PROBLEM DETAILS —
Reproduce the full listing below unchanged, apart from the pictures.

DATA —
**********
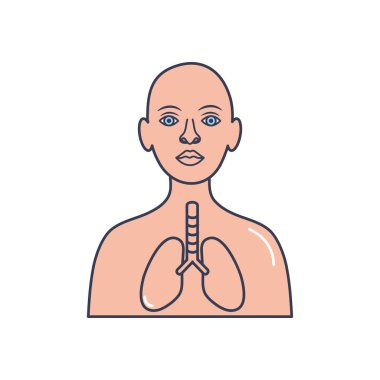 Avatar kişi ve akciğer simgesi, satır doldurma biçimi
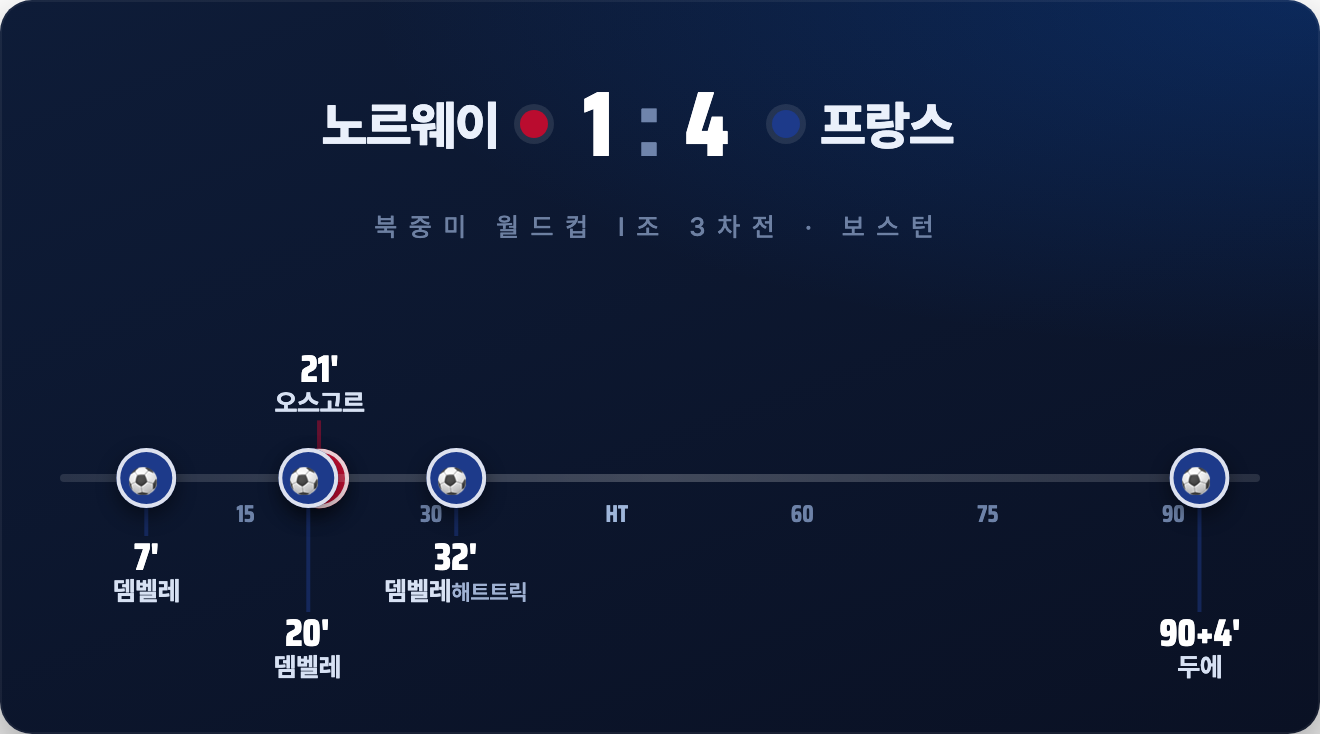노르웨이 1-4 프랑스 리뷰: 음바페·홀란 대신 뎀벨레의 해트트릭 (북중미 월드컵 I조)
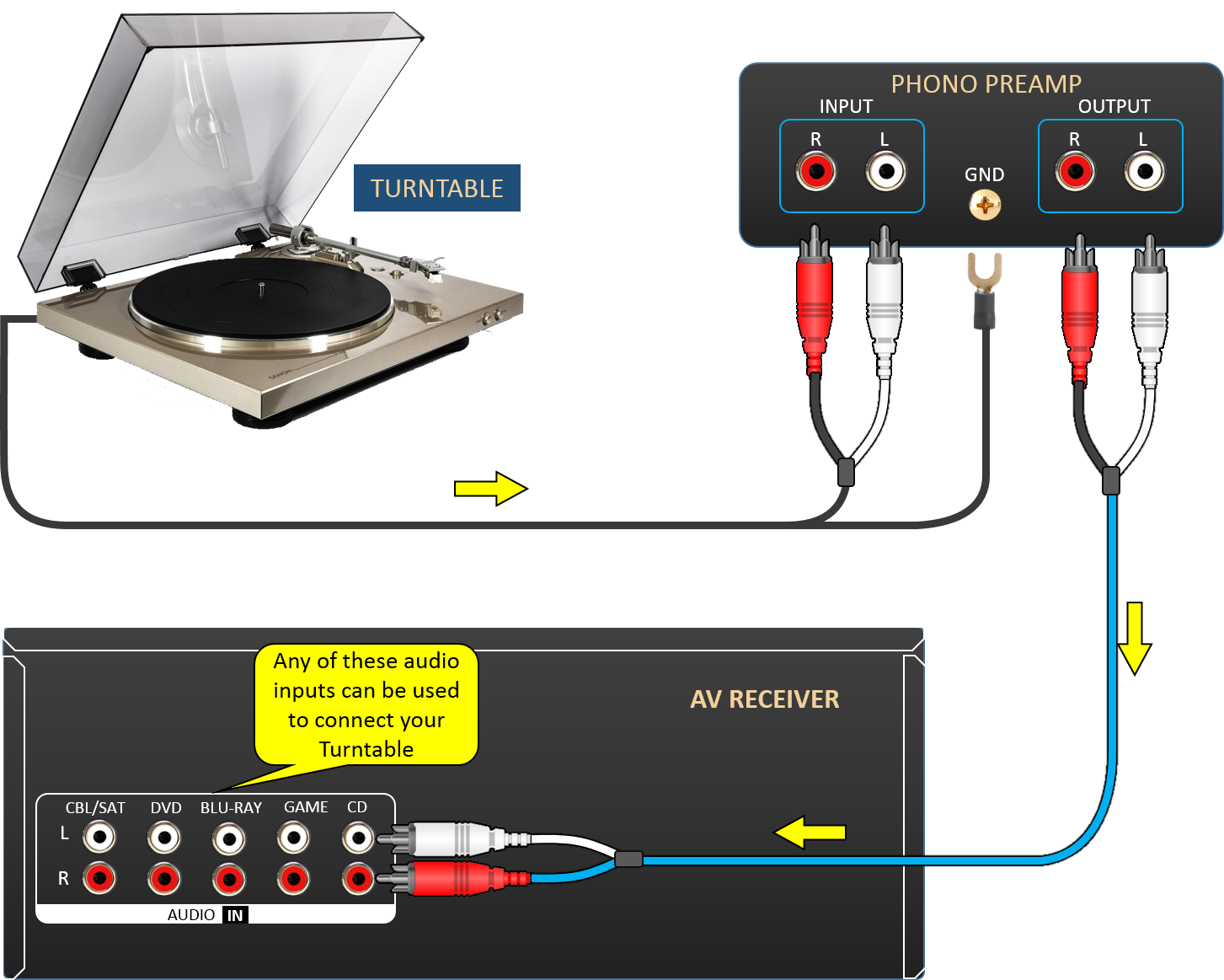 Hooking up record cheap player to speakers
**********
TASK SOLUTION —
 Avatar kişi ve akciğer simgesi, satır doldurma biçimi
노르웨이 1-4 프랑스 리뷰: 음바페·홀란 대신 뎀벨레의 해트트릭 (북중미 월드컵 I조)
 Hooking up record cheap player to speakers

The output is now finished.